1/23/2012

Violencia: cosecha trágica




Editorial La Jornada
La organización Human Rights Watch (HRW) afirmó ayer, al difundir su informe anual sobre derechos humanos desde El Cairo, Egipto, que la violencia en nuestro país ha aumentado horrorosamente tras el inicio de la cruzada gubernamental contra el crimen organizado; que los esfuerzos de la administración del presidente Felipe Calderón condujeron a un significativo aumento en las muertes, torturas y otros abusos de las fuerzas de seguridad, y que existe una impunidad absoluta en México para los militares involucrados en atropellos contra la población, los cuales casi nunca son llevados ante la justicia. En contraste, de acuerdo con la referida organización, el Estado mexicano ha carecido de capacidad para proteger a periodistas, migrantes indocumentados, activistas de derechos humanos y otros grupos vulnerables atrapados entre la violencia de los grupos delictivos y la practicada por las propias fuerzas de seguridad.

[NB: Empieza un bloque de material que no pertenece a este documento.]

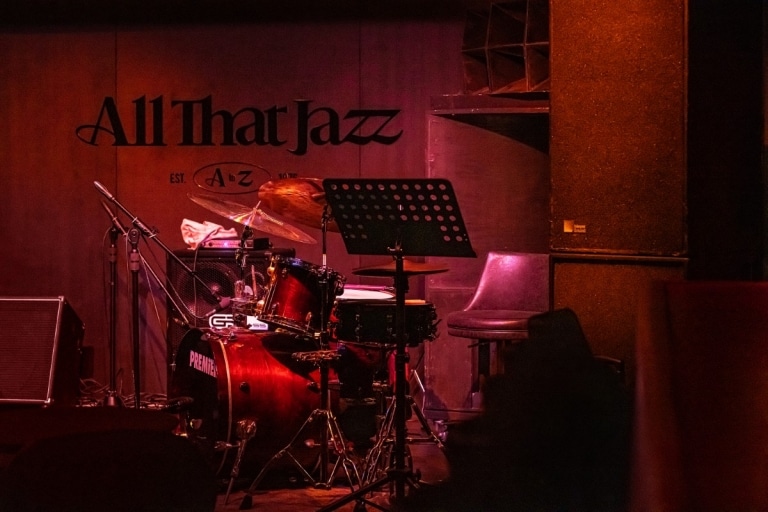 Seoul s Oldest Jazz Club Gets A Sumptuous Revamp seoul-s-oldest-jazz-club-gets-a-sumptuous-revamp
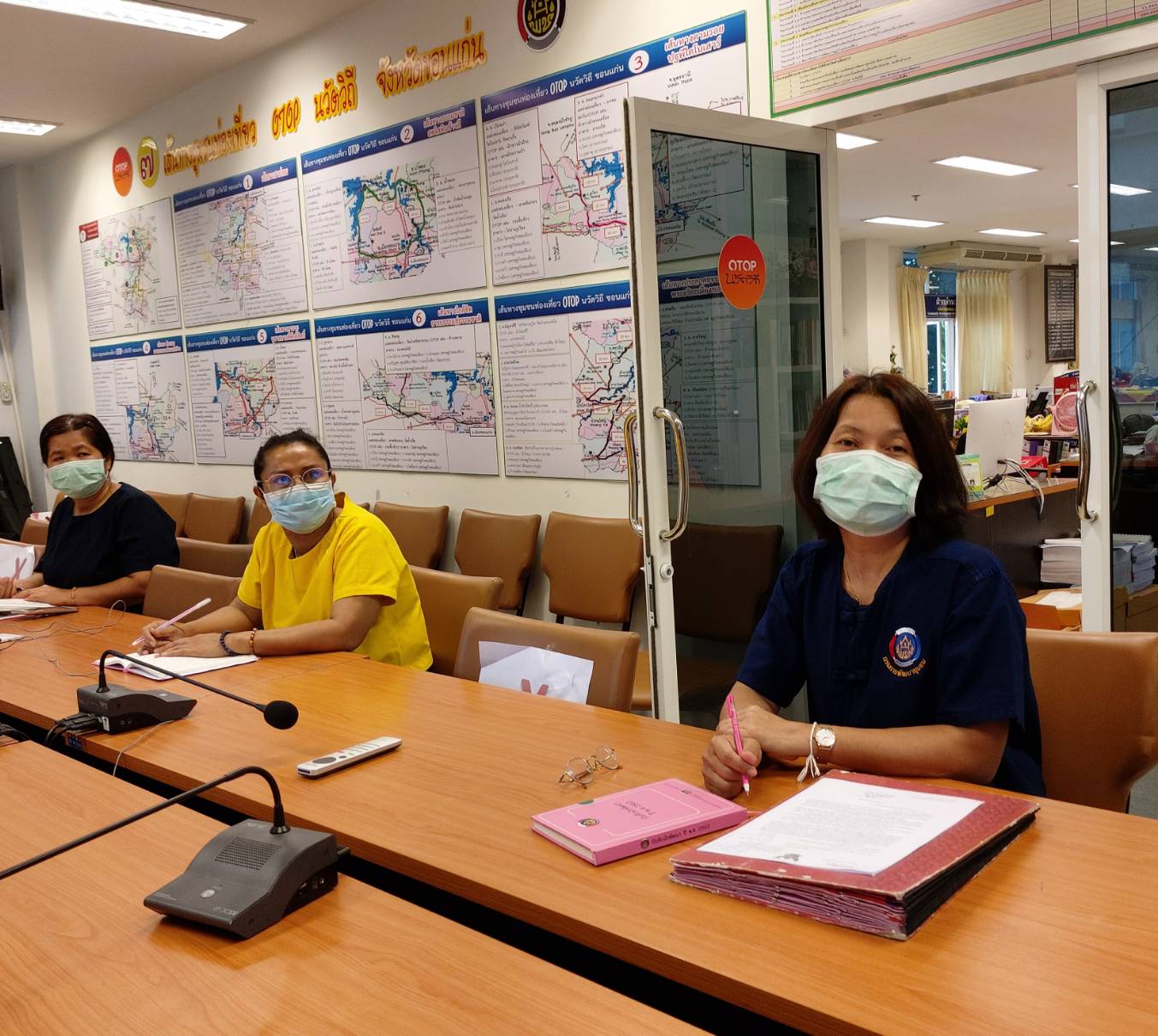 ? พช.ขอนแก่น : รับฟังการฝึกอบรมเทคนิคการเขียนข่าวประชาสัมพันธ์ภารกิจกรมการพัฒนาชุมชน ผ่านระบบวีดีทัศน์ทางไกล (Video Conference) ?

Las observaciones comentadas confirman, en forma por demás desoladora, las advertencias lanzadas hace más de cinco años por distintos sectores de la sociedad organizada, la clase política y la academia: el combate a la delincuencia mediante la violencia oficial y la militarización de la vida pública no sólo no garantiza el éxito, sino alienta peligrosamente la configuración de circunstancias de pesadilla como las que hoy, por desgracia, vive el país.

Sin embargo, ante la evidencia creciente de que la política de seguridad es, en su actual configuración, un fracaso, el discurso oficial se muestra cada vez más ajeno a la realidad y más extraviado en sus propios laberintos: hace unos días Felipe Calderón llamó a poner en perspectiva la violencia que se desarrolla en el país y pidió contrastarla con las tasas de homicidios de naciones de Centro y Sudamérica, como si las muertes pudieran reducirse a meros indicadores estadísticos. El titular de la Secretaría de Gobernación, Alejandro Poiré, ha venido insistiendo en que México no está en guerra, pues no se configura ninguno de los supuestos que derechos internacionales establecen para considerar un conflicto armado, acaso sin recordar que el primero en emplear ese concepto para referirse a la confrontación entre las autoridades y los cárteles de la droga fue, precisamente, el titular del Ejecutivo federal.

A estas alturas, resulta estéril entrar en la discusión de si lo que hay en el país es o no una guerra, y si los niveles de violencia en México son mayores o menores a los de otras naciones. Lo que nadie parece poner en duda, fuera de los responsables de la conducción política del país, es que la estrategia calderonista de seguridad pública y combate al narcotráfico no ha logrado acercarse a sus objetivos en materia de reducción del consumo de drogas ni de desmantelamiento de los cárteles del narcotráfico; en cambio, ha multiplicado la violencia y las violaciones a los derechos humanos por parte de las corporaciones policiales de todos los niveles y de las fuerzas armadas, y ha colocado a esas instituciones –que formalmente deben garantizar la vigencia del Estado de derecho– como factores principales del quebranto de la legalidad.

Con estos elementos de juicio resulta arduo sostener que en el actual gobierno se esté sembrando la semilla de un México seguro –como sostiene la propaganda oficial–, cuando la falta de una política de seguridad pública sensata y el incumplimiento de las responsabilidades más fundamentales del Estado se ha traducido, más bien, en una cosecha trágica y en la configuración de una de las etapas más inciertas, sombrías y desesperanzadoras de la historia nacional.